A Vida de Uma Pessoa Com Deficiência

Não gosto muito de escrever sobre esse assunto, principalmente porque não gosto muito da reação de algumas pessoas. Mas o fato é que sou uma pessoa com deficiência. Não mais portadora de deficiência, como inclusive menciona nossa Constituição Federal, porque afinal de contas deficiência, qualquer que seja o tipo, a gente não porta, mas convive com ela. A minha deficiência, com todas as dificuldades que ela traz, é parte da minha vida, da minha história, e é algo com o qual eu tenho que conviver todos os dias.

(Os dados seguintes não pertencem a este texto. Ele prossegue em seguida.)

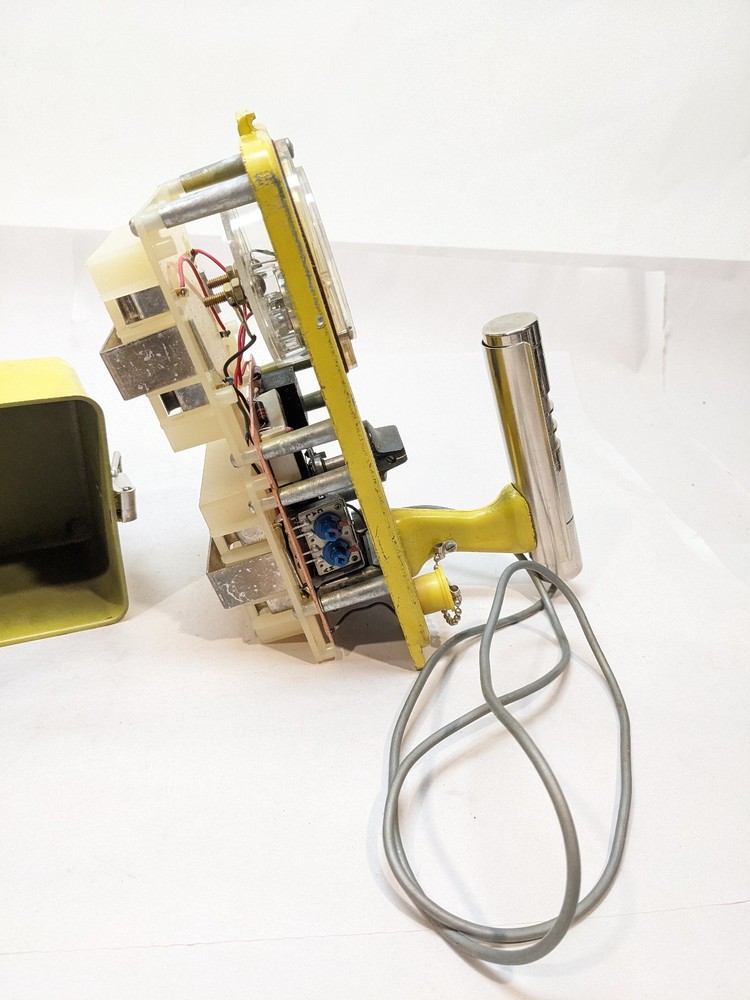Victoreen CDV-700 Geiger Counter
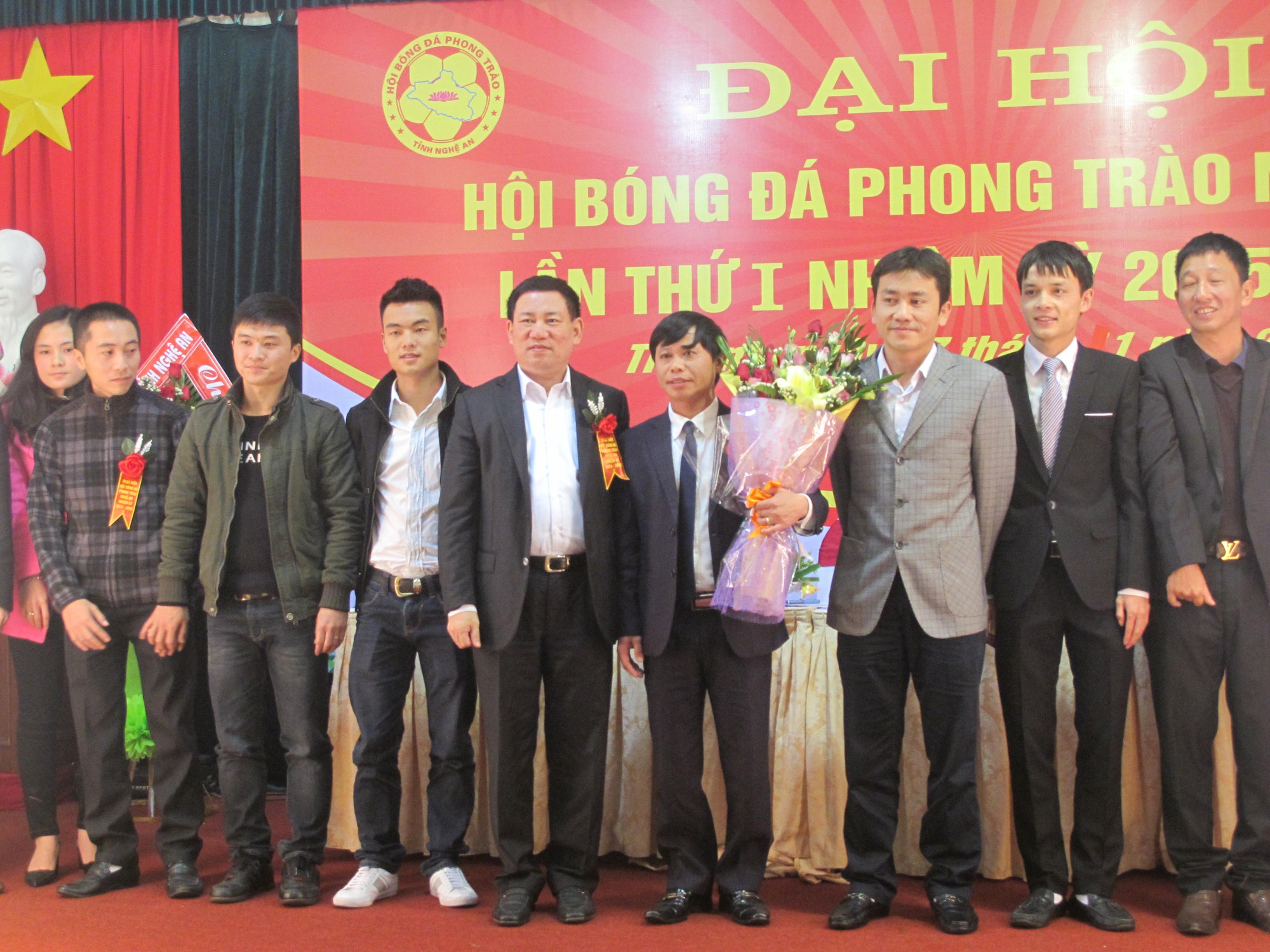 Ông bầu phủi và chuyện những người cầm đội: Anh Văn “Văn Minh”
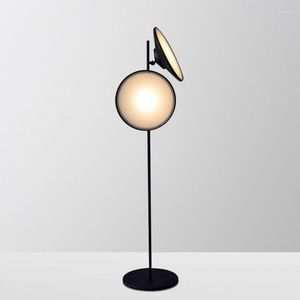 Golvlampor inomhus LED -lampa Ljus modern europeisk retro hörnlykta hyllor belysning modern lamparas paj sovrum dekor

Logo que eu nasci, os médicos viram que eu devia ter algum probleminha: eu era molinha demais, nem conseguia respirar sozinha. Com o passar dos meses, muitos exames e muitas burradas que médicos disseram para os meus pais na tentativa de dar nome ao problema que me fazia diferente de outras crianças (fora alguns prognósticos lindos que acho melhor nem comentar), conseguiram encontrar, através de uma biopsia em um músculo meu (tenho a cicatriz da cirurgia na minha coxa até hoje), qual era o motivo de tanta preocupação: fui diagnosticada como portadora de desproporção congênita de fibras do tipo I.

Não, não tinha cura. Essa era uma deficiência que eu teria que conviver com ela. Fiz muita fisioterapia e com esforço e dedicação, aos oito anos, dei meus primeiros passos. Aos poucos deixei de engatinhar (sim, eu engatinhava na escola, era minha maneira de me locomover) e passei a caminhar sobre meus dois pés. E deixa eu te dizer uma coisa, era uma maravilha. Caminhar significava não ter mais as mãos sujas o tempo todo, os joelhos cheios de calos… caminhar foi meu primeiro grande passo para a liberdade.

Aliás, nunca fui de depender muito das pessoas que viviam comigo: se tem uma coisa que você valoriza quando convive com alguma deficiência é a independência. Podia não ter coordenação motora para fechar um botão, mas treinei muito para conseguir. E enquanto não conseguia, ia usando calças de elástico, ué.

Meus pais nunca me protegeram demais por causa do meu probleminha: só protegeram o tanto que pais devem proteger os filhos. Se eu quisesse e eles tivessem condições financeiras, podia viajar com a turma da escola, sim. Se eu não arrumasse minha cama, ficava de castigo. Se fizesse manha, não ganhava o que estava querendo.

Viajei muito para conseguir outros tipos de tratamento que podiam melhorar minha qualidade de vida: fui para São Paulo, para Brasília… se houvesse a possibilidade de um tratamento novo me ajudar, meus pais tentavam. Alguns deram certos, outros não, e outros simplesmente foram abobrinhas. Aliás, abobrinhas é o que não falta para o médico quando ele não sabe o que dizer e quer ser o salvador da pátria para o seu problema. Eu já ouvi muitas, e até hoje não gosto de ir em médico nenhum por causa desses traumas.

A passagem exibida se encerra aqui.